Jet-lag or no, violinist Edward Dusinberre ventured out to the the Western Australian Academy of Performing Arts yesterday to give a masterclass. Members of the Quartet will be giving more masterclasses ath the University of Queensland and the Australian National Academy of Music on Monday 25 June at 10am and 3.30pm respectively.
Today, however, the Quartet meets Musica Viva’s 2012 Featured Composer Gordon Kerry to work on his Variations for String Quartet, commissioned by Diane Parks in association with Musica Viva Australia in honour of David Bookallil’s sixtieth birthday. We know from Gordon’s Twitter account how much he’s been looking forward to the meeting.
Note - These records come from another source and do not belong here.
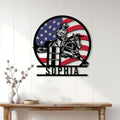 Barrel racing wall decor displayed on a bright paneled wall above a rustic console table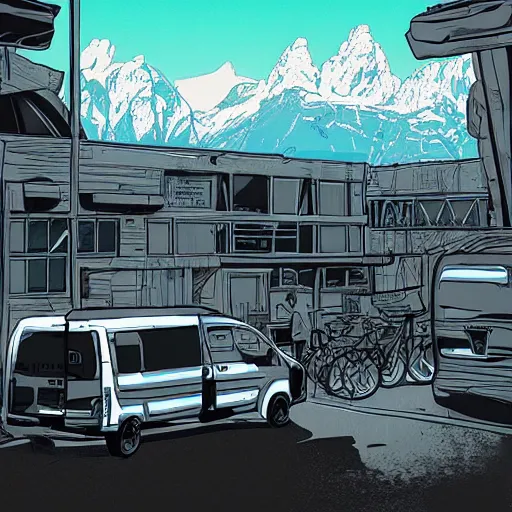 Prompt: a cyberpunk illustration of the view at grand teton national park with a white ford transit van in the background, digital art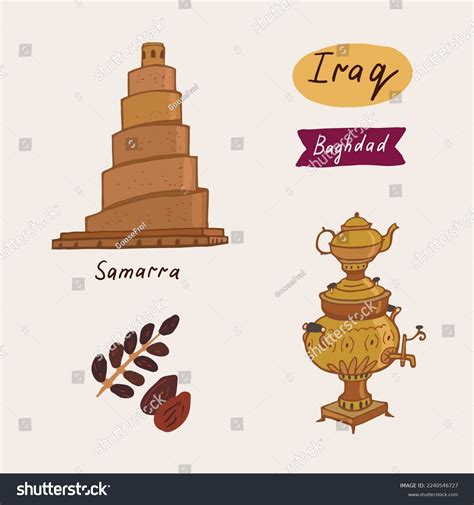 Iraq Travel Landmark Vector Illustrations Set Stock Vector (Royalty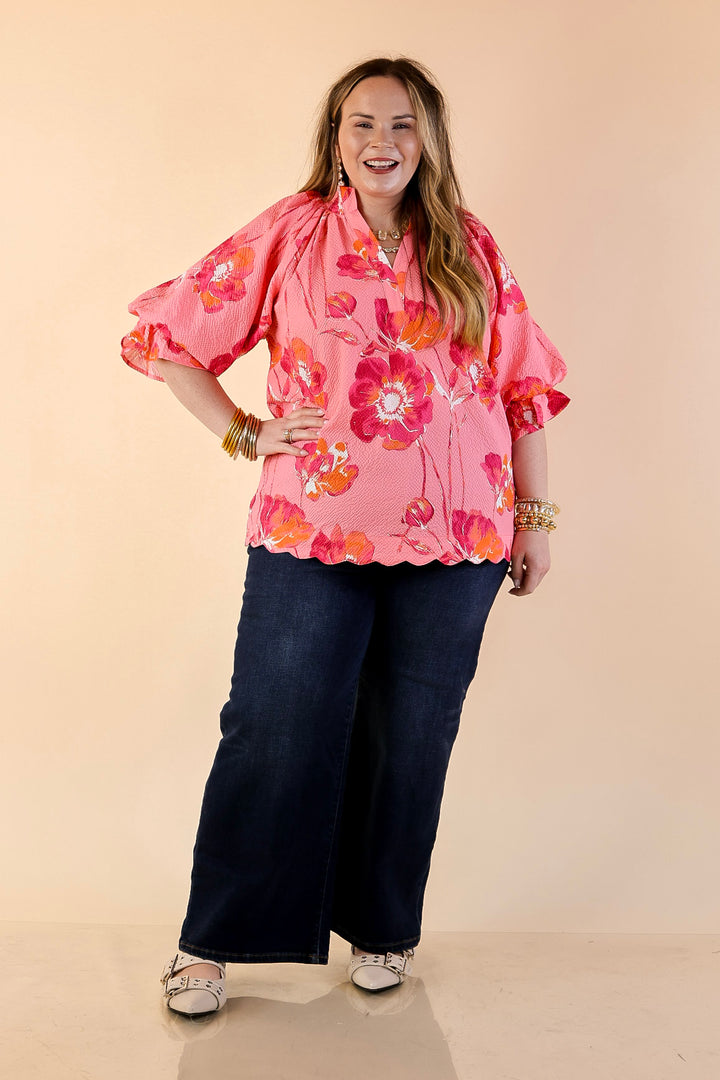 Petal Perfect Floral Print Textured Puff Sleeve Top with Ruffle Split Neckline in Pink Mix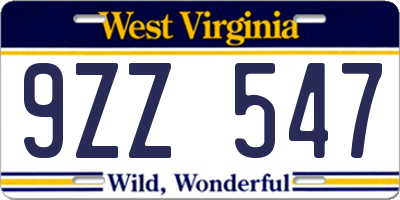 WV license plate 9ZZ547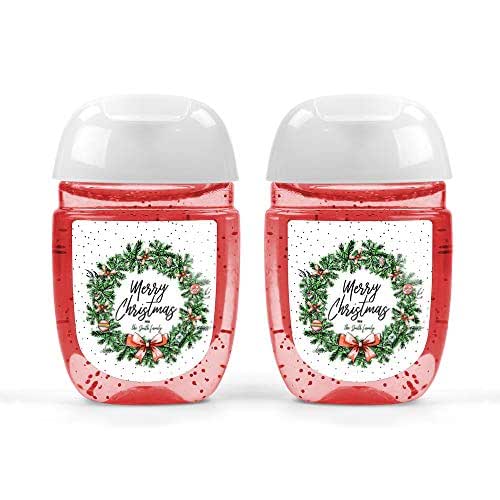 Amazon.com: Christmas Wreath Custom Hand Sanitizer Labels : Handmade Products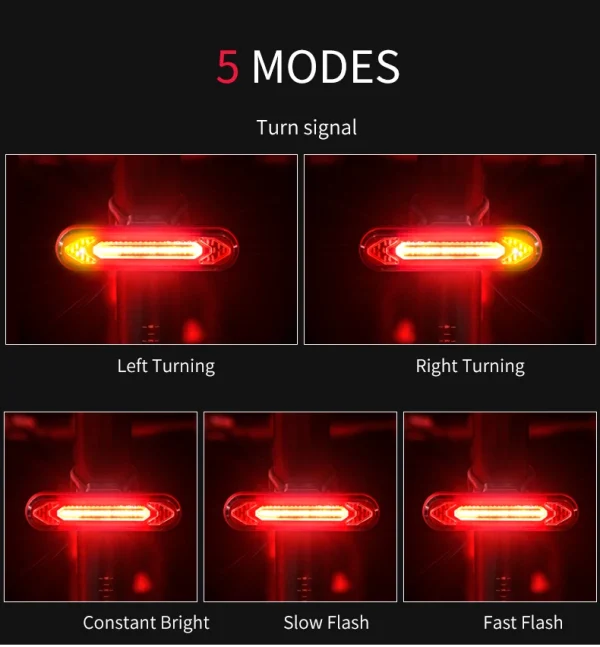 Bicycle Light USB Rechargeable Tail Light Warning Bike Rear Light Smart Wireless Remote Turn Signal Light LED Bicycle Lantern - Image 13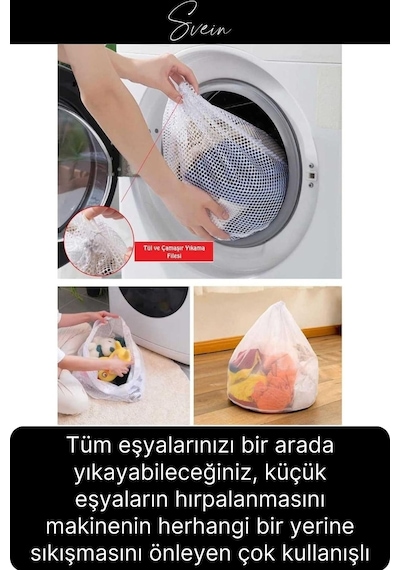 6 Adet Çamaşır Yıkama Filesi Maxi Kirli Elbise Giysi Kıyafet Torbası Okul Üniversite Yurt Asker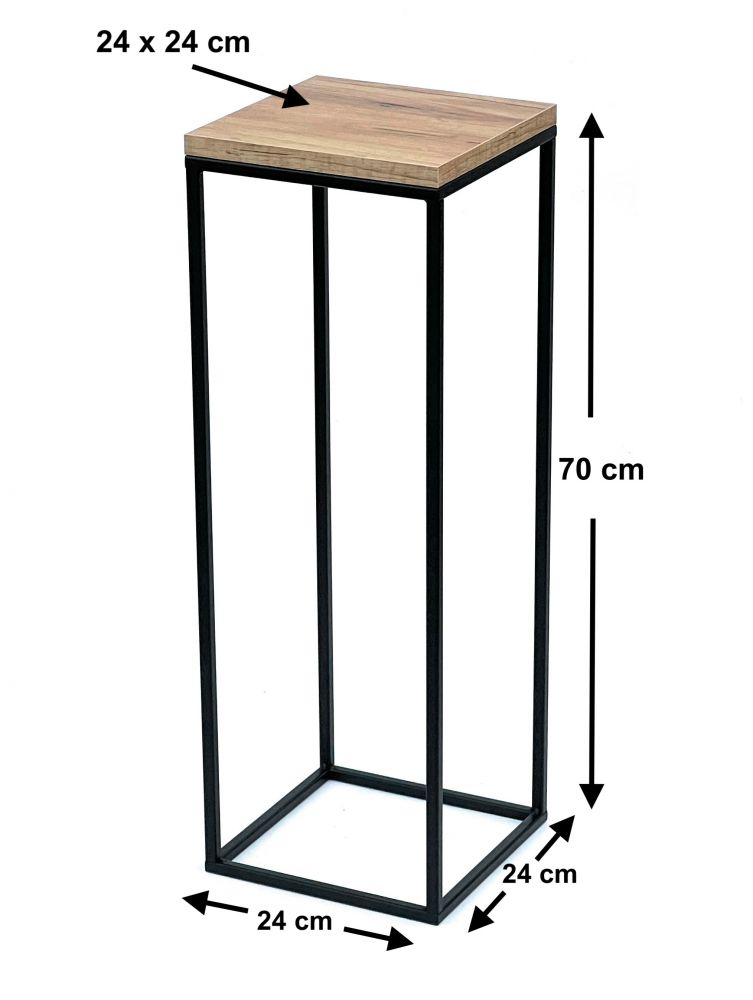 DanDiBo Blumenhocker Metall Holz Schwarz Eckig 70 cm Blumenständer Beistelltisch 96352 Blumensäule Modern Pflanzenständer Pflanzenhocker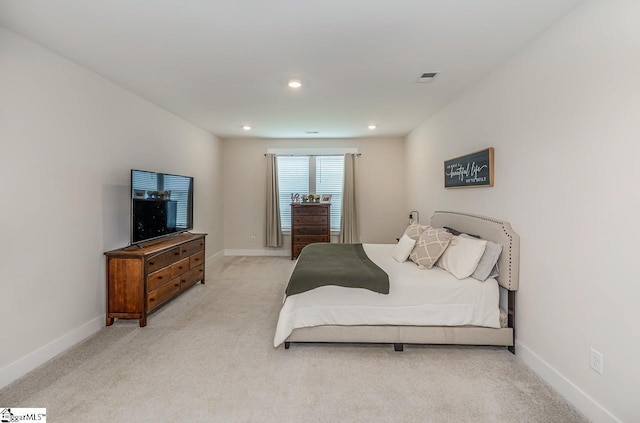 bedroom with recessed lighting, baseboards, visible vents, and light colored carpet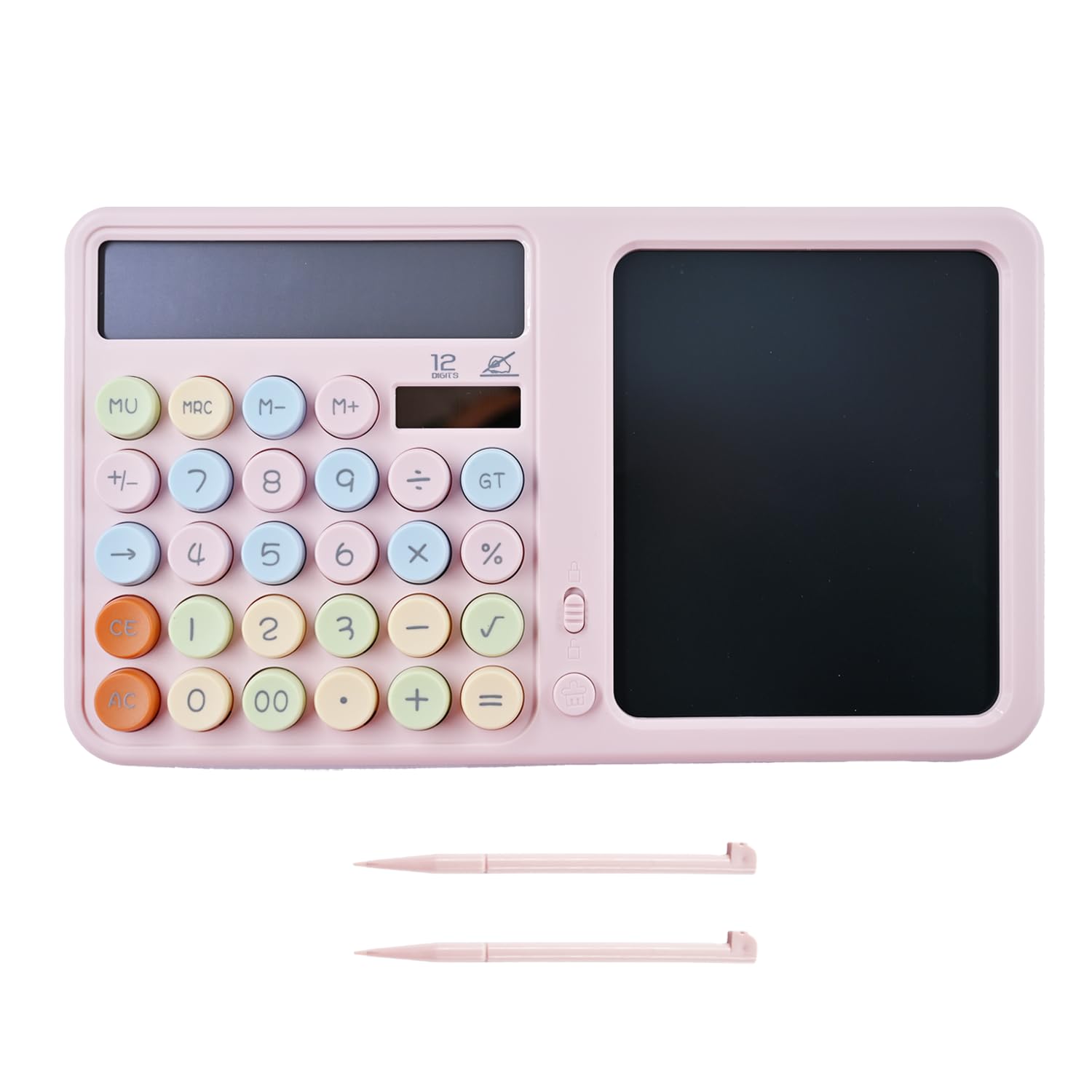 Desk Calculator with Writing Pad,6 Inch Desktop Calculator with Notepad,12 Digit Large Button,Solar and Battery Powered,for School Office Business Home,Pink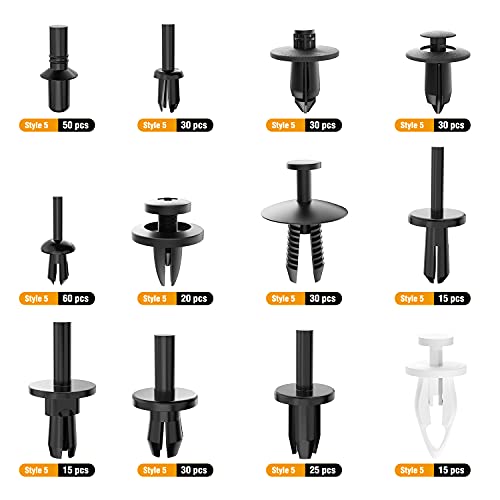 GOOACC 380Pcs Car Automotive Plastic, Metal, Nylon Push Pin Rivet with Fastener Remover Trim Clip Panel Body Interior Assortment Retainer Assortment Clips, (GRC-97),Black - size: 380Pcs Clips + Remover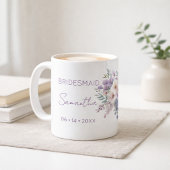 Mug Bridesmaid Proposal Purple Wisteria Floral 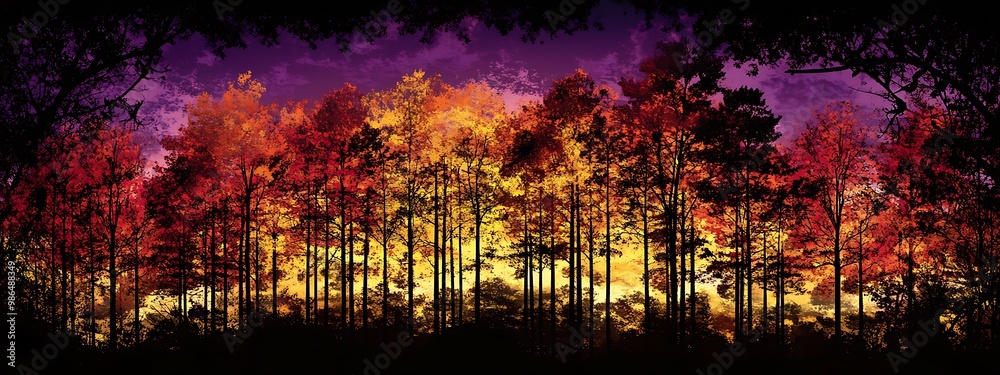 Fototapeta premium Silhouetted Trees Against a Vibrant Sunset Sky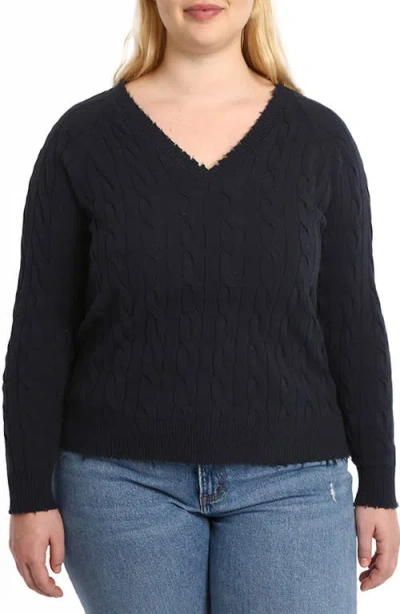 Minnie Rose Cable Knit Cardigan In Black In Navy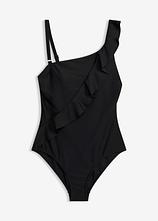 One-Shoulder Badeanzug mit abnehmbarem Träger in schwarz von vorne - bonprix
The New York Times recently wrote of a Takács concert featuring works by Janacek, Debussy and Britten:
“Harmonic ingenuity, rhythmic vivacity and timbral sophistication were qualities all three works had in common. What bound them into a satisfying program was the strong sense of personality that each work showed, and the commitment and live-wire passion that the four equally distinctive Takacs members brought to them.”
We look forward to hearing all these works alongside Kerry’s Variations very soon: the first concert of their current tour is in Perth tomorrow night.